*** Begin section ***

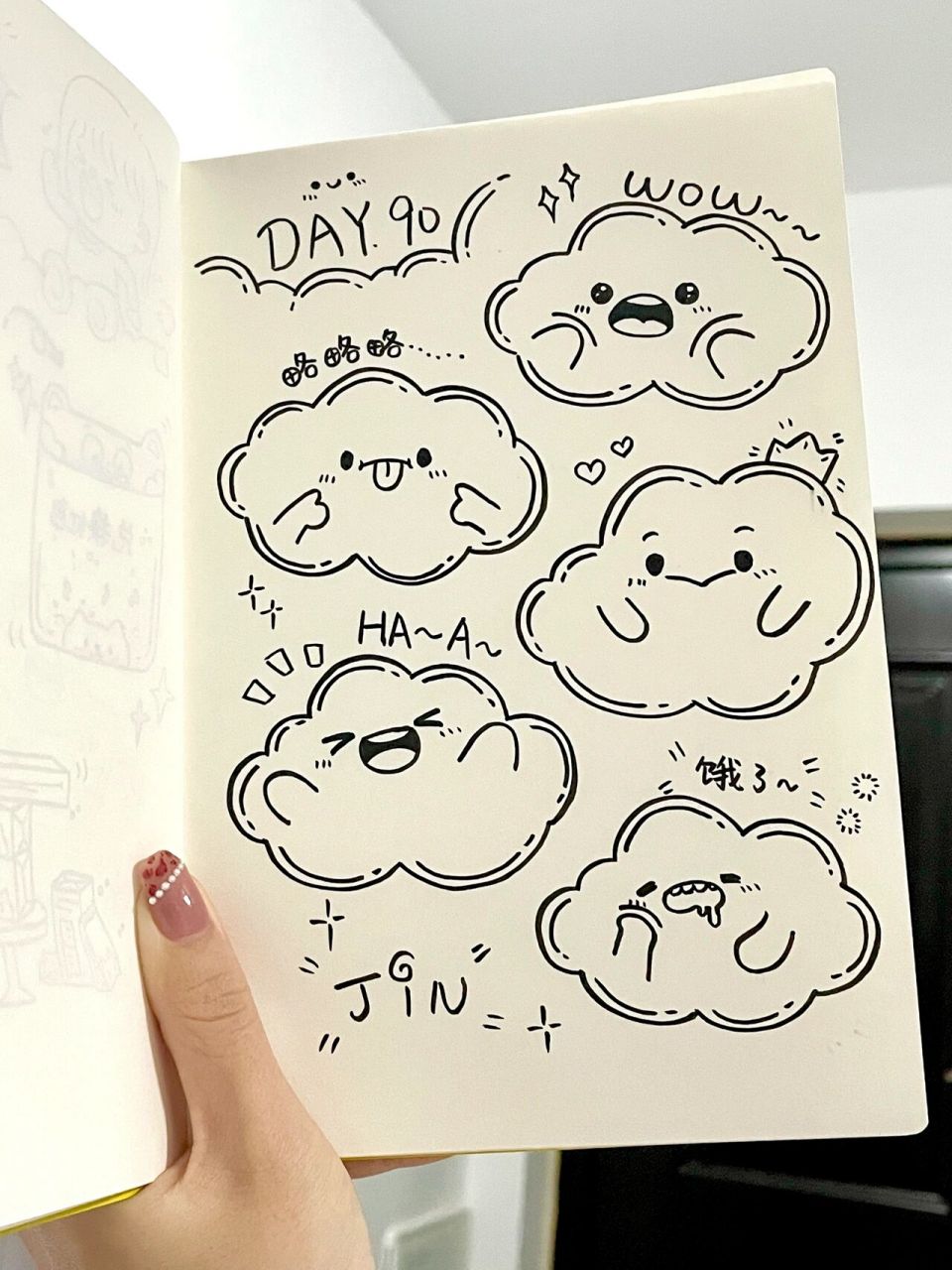 90/100简笔画|可爱的云朵7815小表情手帐素 96打卡一张云朵78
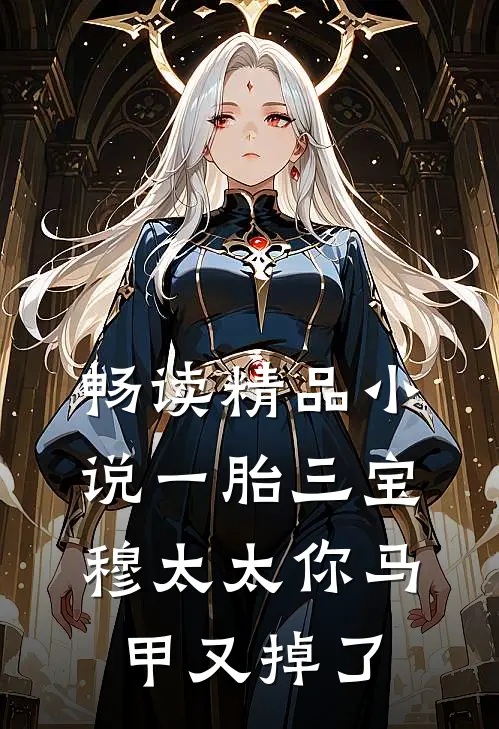 畅读精品小说一胎三宝：穆太太你马甲又掉了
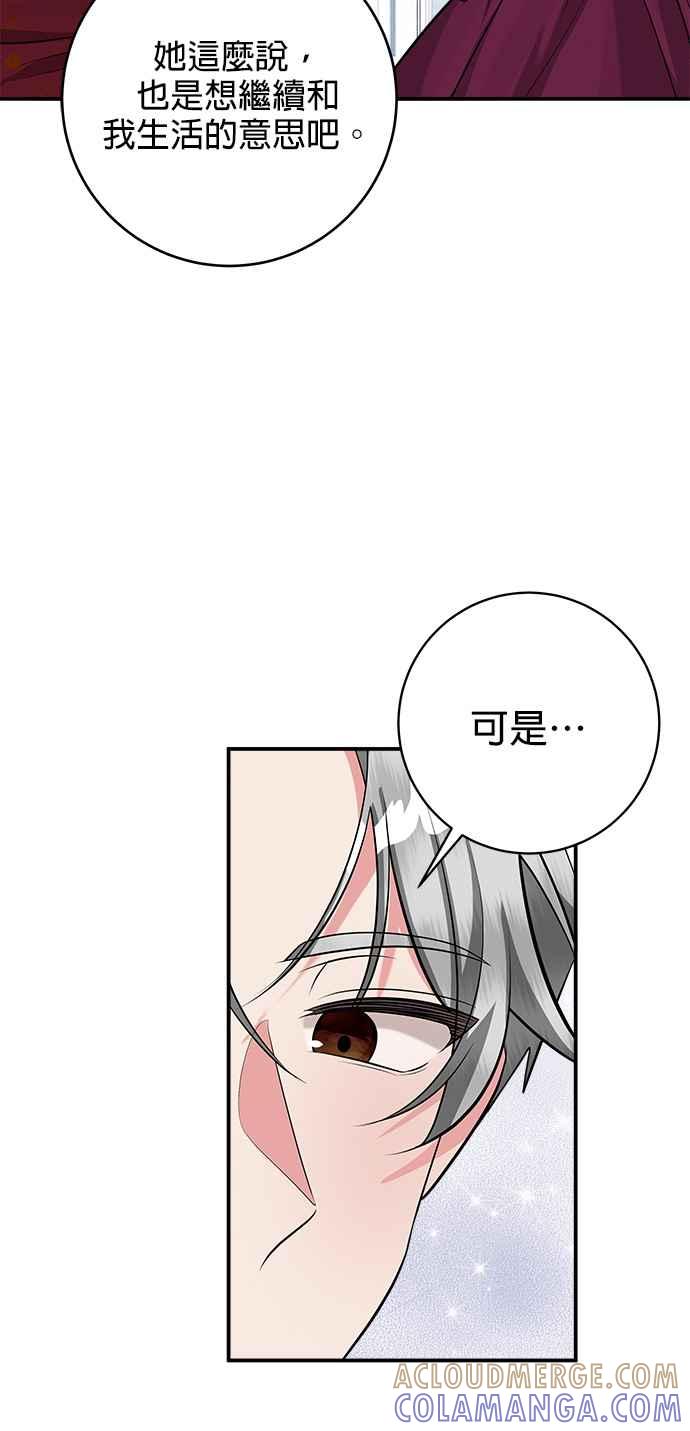 《小小人质太可爱》第33话 第22页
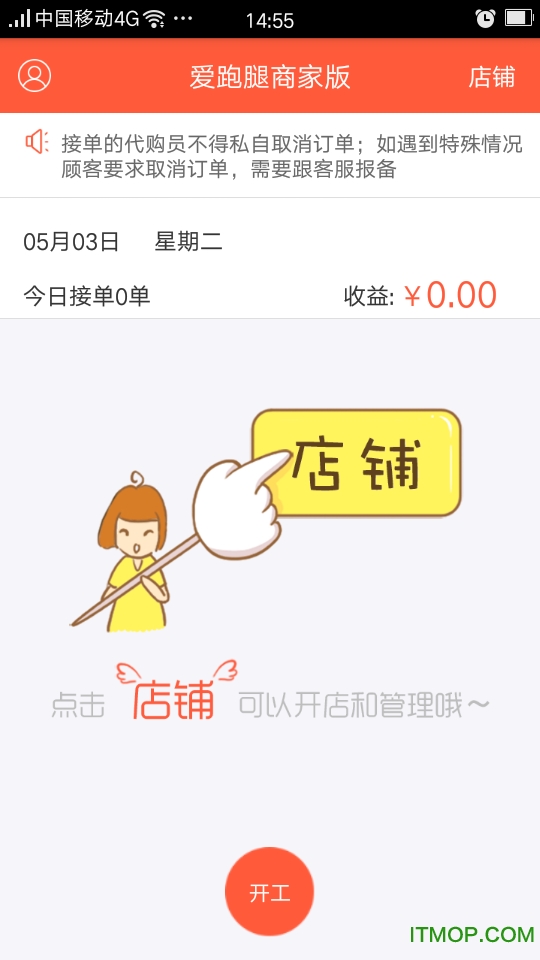 爱跑腿商家版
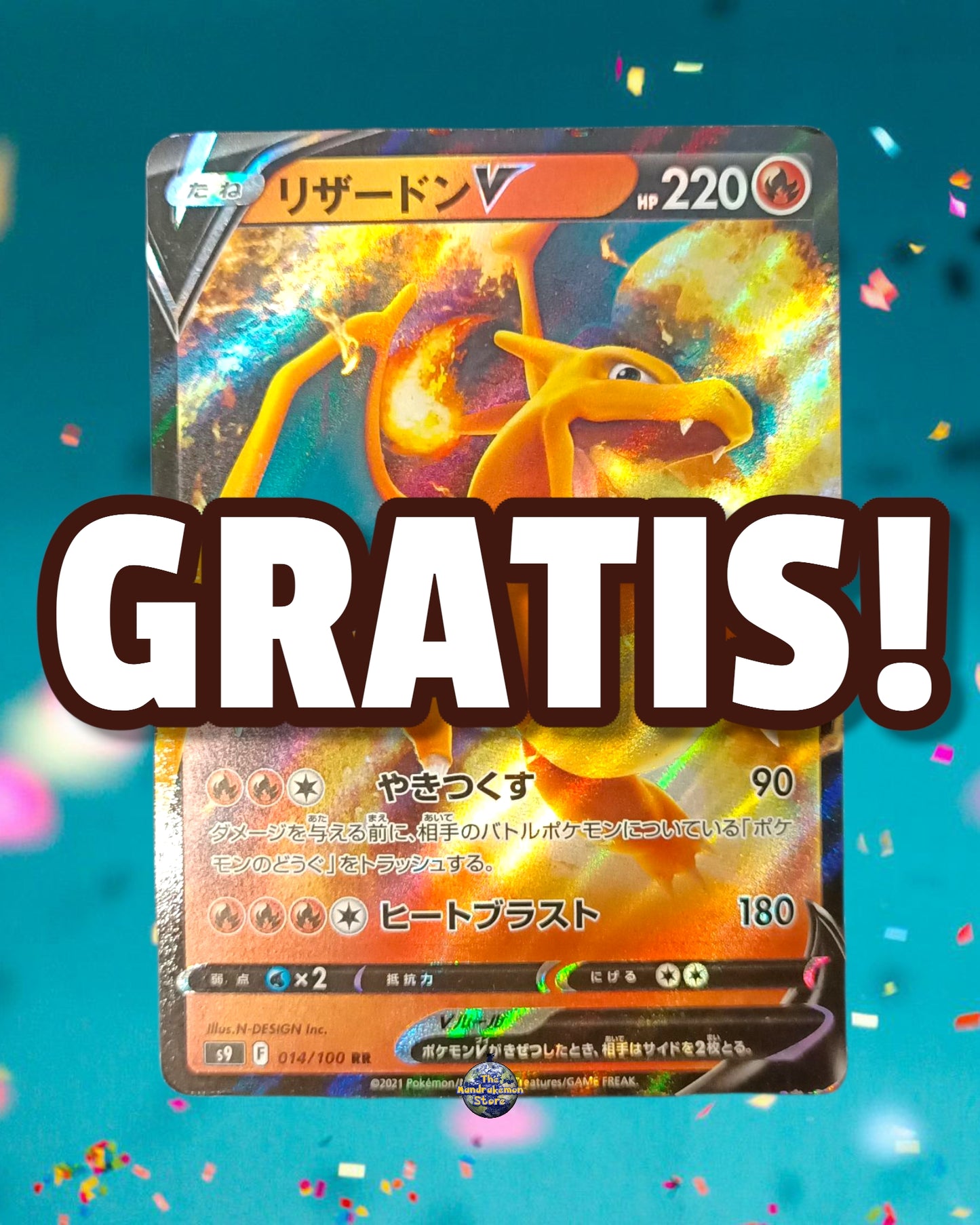 Charizard V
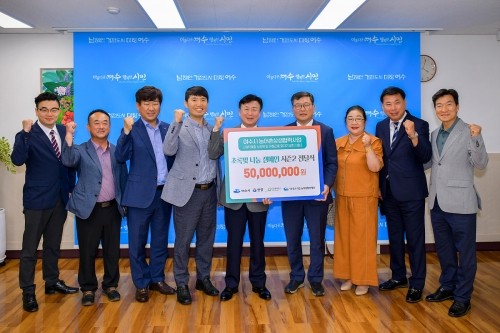 (주)초록빛 이미지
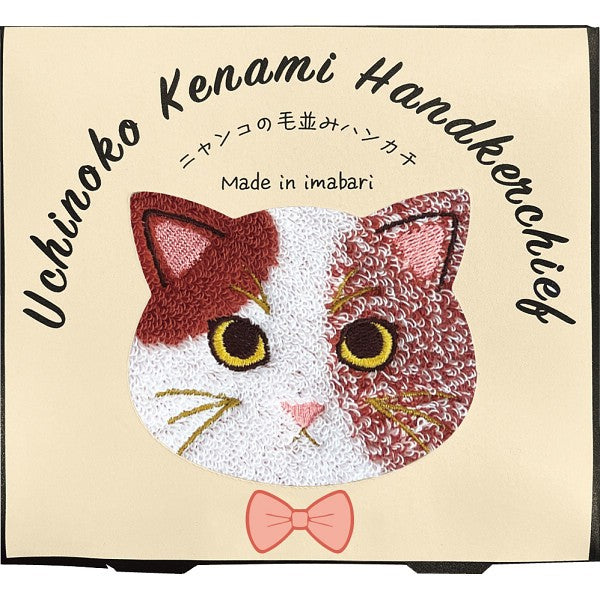 ギフト好適品 Ｕｃｈｉｎｏｋｏ　ｍａｔｅ　毛並みハンカチ ミケ UNJ-805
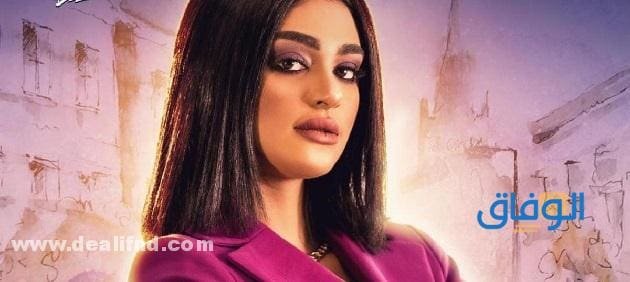 منيرة أمينة حاف (قصة المسلسل + صناع العمل)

*** End section ***

## Work request
For each entry, repeat its text exactly and leave out any picture it holds.

## Task response
 90/100简笔画|可爱的云朵7815小表情手帐素 96打卡一张云朵78
 畅读精品小说一胎三宝：穆太太你马甲又掉了
 《小小人质太可爱》第33话 第22页
 爱跑腿商家版
 Charizard V
 (주)초록빛 이미지
 ギフト好適品 Ｕｃｈｉｎｏｋｏ　ｍａｔｅ　毛並みハンカチ ミケ UNJ-805
 منيرة أمينة حاف (قصة المسلسل + صناع العمل)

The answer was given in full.